What the task requires:
Please copy exactly every line from the one that contains "Marine Serre S/S 23 Look 8" to the end of the data below, with both ends included and no other lines.

Input material:
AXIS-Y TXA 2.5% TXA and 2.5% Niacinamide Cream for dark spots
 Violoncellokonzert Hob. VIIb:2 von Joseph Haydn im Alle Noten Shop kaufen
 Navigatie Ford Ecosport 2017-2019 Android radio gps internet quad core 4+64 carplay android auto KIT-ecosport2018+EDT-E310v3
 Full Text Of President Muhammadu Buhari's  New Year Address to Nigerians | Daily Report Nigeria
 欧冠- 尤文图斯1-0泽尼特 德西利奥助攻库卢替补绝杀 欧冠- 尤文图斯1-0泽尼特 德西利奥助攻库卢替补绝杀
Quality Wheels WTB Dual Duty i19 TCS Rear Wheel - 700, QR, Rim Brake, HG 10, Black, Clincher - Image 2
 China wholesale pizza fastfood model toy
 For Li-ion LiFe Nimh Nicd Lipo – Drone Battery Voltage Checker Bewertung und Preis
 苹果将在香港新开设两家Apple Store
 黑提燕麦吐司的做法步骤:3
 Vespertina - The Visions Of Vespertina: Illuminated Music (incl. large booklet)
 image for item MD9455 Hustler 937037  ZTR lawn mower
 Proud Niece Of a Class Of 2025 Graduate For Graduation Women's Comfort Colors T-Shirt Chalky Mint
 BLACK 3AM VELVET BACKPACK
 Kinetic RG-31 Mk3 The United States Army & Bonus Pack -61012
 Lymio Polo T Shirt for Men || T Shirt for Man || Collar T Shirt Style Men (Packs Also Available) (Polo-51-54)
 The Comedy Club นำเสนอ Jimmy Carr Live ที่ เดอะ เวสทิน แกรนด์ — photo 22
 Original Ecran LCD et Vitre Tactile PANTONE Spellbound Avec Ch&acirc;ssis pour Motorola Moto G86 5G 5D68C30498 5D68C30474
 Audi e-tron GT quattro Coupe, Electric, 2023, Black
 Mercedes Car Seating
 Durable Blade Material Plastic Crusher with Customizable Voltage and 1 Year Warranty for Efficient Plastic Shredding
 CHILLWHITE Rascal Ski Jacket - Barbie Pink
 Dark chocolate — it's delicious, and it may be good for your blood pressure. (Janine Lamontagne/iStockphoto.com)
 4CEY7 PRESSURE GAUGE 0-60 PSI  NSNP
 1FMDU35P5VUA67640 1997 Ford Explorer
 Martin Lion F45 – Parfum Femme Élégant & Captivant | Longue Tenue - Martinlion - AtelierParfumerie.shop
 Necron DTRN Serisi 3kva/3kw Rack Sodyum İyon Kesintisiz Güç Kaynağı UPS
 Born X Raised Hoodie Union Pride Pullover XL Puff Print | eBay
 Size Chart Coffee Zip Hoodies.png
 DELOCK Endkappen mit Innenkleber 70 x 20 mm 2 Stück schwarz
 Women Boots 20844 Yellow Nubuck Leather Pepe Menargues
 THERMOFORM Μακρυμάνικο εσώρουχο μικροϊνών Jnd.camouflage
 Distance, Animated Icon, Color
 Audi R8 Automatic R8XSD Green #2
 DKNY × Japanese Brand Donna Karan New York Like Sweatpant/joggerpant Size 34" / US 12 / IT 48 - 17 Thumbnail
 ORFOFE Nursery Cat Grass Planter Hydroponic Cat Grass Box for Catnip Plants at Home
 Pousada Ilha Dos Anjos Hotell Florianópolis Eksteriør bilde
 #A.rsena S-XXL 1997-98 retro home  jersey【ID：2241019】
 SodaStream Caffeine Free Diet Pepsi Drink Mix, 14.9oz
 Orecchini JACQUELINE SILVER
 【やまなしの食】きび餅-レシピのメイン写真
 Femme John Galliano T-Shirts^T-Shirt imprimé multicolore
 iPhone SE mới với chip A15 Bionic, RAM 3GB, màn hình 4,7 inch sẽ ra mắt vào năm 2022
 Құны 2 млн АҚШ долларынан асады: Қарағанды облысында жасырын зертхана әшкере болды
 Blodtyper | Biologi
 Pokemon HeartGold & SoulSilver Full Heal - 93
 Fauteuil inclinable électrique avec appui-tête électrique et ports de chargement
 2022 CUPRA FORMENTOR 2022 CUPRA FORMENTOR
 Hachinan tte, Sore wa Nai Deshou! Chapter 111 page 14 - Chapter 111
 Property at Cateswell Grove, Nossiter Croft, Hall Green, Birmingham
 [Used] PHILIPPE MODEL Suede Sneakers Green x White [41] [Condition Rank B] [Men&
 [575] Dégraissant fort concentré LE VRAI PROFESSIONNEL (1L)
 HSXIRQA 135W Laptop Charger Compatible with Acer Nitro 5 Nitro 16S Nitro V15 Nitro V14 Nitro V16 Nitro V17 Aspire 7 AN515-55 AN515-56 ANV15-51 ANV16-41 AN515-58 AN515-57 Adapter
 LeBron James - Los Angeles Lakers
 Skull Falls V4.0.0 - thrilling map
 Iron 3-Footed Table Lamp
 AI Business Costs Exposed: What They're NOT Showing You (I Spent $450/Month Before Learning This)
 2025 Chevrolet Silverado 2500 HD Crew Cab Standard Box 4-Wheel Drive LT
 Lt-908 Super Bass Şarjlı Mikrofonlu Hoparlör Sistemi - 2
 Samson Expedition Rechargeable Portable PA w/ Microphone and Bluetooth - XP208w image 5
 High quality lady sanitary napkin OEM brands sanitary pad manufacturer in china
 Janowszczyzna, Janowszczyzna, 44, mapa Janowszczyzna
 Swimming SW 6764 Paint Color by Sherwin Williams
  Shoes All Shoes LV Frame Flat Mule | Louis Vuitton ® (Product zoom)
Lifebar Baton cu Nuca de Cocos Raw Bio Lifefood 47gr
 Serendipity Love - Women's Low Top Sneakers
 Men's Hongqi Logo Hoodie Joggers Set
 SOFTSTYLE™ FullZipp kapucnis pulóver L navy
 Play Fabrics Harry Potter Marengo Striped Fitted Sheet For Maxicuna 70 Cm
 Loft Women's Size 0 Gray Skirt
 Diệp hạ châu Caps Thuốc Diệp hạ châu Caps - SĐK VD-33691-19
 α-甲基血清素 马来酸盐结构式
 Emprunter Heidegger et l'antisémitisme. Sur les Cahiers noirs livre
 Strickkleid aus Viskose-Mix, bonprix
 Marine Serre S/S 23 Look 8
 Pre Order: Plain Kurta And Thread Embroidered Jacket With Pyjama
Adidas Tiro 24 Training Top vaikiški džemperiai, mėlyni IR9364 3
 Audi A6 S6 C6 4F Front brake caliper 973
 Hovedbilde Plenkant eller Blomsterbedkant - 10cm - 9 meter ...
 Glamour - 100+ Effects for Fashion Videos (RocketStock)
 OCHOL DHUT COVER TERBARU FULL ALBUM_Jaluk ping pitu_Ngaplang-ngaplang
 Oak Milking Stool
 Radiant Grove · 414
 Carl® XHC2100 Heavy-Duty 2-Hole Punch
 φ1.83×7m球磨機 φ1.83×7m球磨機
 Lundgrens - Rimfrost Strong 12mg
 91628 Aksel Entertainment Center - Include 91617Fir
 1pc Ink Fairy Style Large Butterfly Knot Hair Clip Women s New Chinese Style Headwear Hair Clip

Response to the task:
 Marine Serre S/S 23 Look 8
 Pre Order: Plain Kurta And Thread Embroidered Jacket With Pyjama
Adidas Tiro 24 Training Top vaikiški džemperiai, mėlyni IR9364 3
 Audi A6 S6 C6 4F Front brake caliper 973
 Hovedbilde Plenkant eller Blomsterbedkant - 10cm - 9 meter ...
 Glamour - 100+ Effects for Fashion Videos (RocketStock)
 OCHOL DHUT COVER TERBARU FULL ALBUM_Jaluk ping pitu_Ngaplang-ngaplang
 Oak Milking Stool
 Radiant Grove · 414
 Carl® XHC2100 Heavy-Duty 2-Hole Punch
 φ1.83×7m球磨機 φ1.83×7m球磨機
 Lundgrens - Rimfrost Strong 12mg
 91628 Aksel Entertainment Center - Include 91617Fir
 1pc Ink Fairy Style Large Butterfly Knot Hair Clip Women s New Chinese Style Headwear Hair Clip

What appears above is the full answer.